Immer noch ein Entertainment-Traumpaar: Gayle Tufts und Rainer Bielfeldt.
Immer noch ein Entertainment-Traumpaar: Gayle Tufts und Rainer Bielfeldt.

© Barbara Braun

Das Heimweh nach Amerika hat die Wahlberlinerin lange geplagt, nach den wilden Singlejahren in New York. Bis sie ihren „Bremer“ traf, den Mann ihres Lebens seit 27 Jahren, dem sie, frisch verliebt, einen Liedtext schenkte, in dem sich „lange Leitung“ reimt auf „er braucht vier Stunden für die Zeitung“. Längst besitzt sie neben dem US- auch einen bundesrepublikanischen Pass, doch was hat sie sich gequält mit der deutschen Grammatik! Die Hymne „Konrad Duden must die“ kündet davon, aber auch das „Dicitionary of Delight“, in dem sie fragt: „Who put the fire in the Feierabend“?

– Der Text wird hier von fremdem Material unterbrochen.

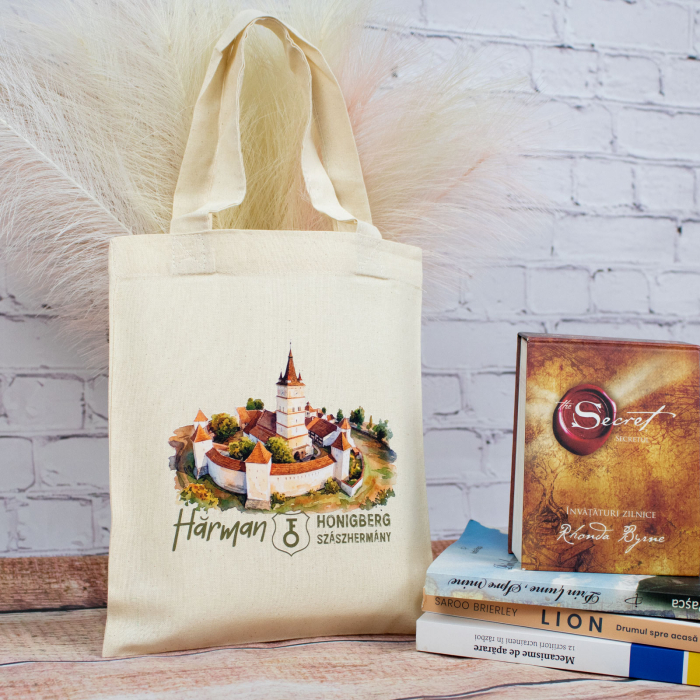 Sacosa din bumbac, suvenir, Biserica Evanghelica Fortificata Hărman, dimensiune 22 x 26 cm [5]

Die alten Lieder funktionieren noch, manche tönen nostalgisch, andere wirken im neuen Kontext hellsichtig aktuell. Getragen von der Zuneigung des Publikums, steigern sich die Sängerin und der Pianist zur Höchstform. Aus der improvisierten „Session“ wird ein bewegendes Gemeinschaftserlebnis.

Man spürt, wie die Zeit vergeht, an solchen Abenden. Die Geschwister Pfister, Tim Fischer, Pigor und Eichhorn, Gayle und Rainer, die Stars aus den Kindertagen der Bar jeder Vernunft, sie alle sind immer noch da, und wir sind mit ihnen gealtert, vielleicht sogar gereift. Schöne Erinnerungen werden da aufgewirbelt, aus trüben Tiefen, aus hinteren Herzenswinkeln. Noch auf dem Nachhauseweg funkeln sie im Gedankennebel.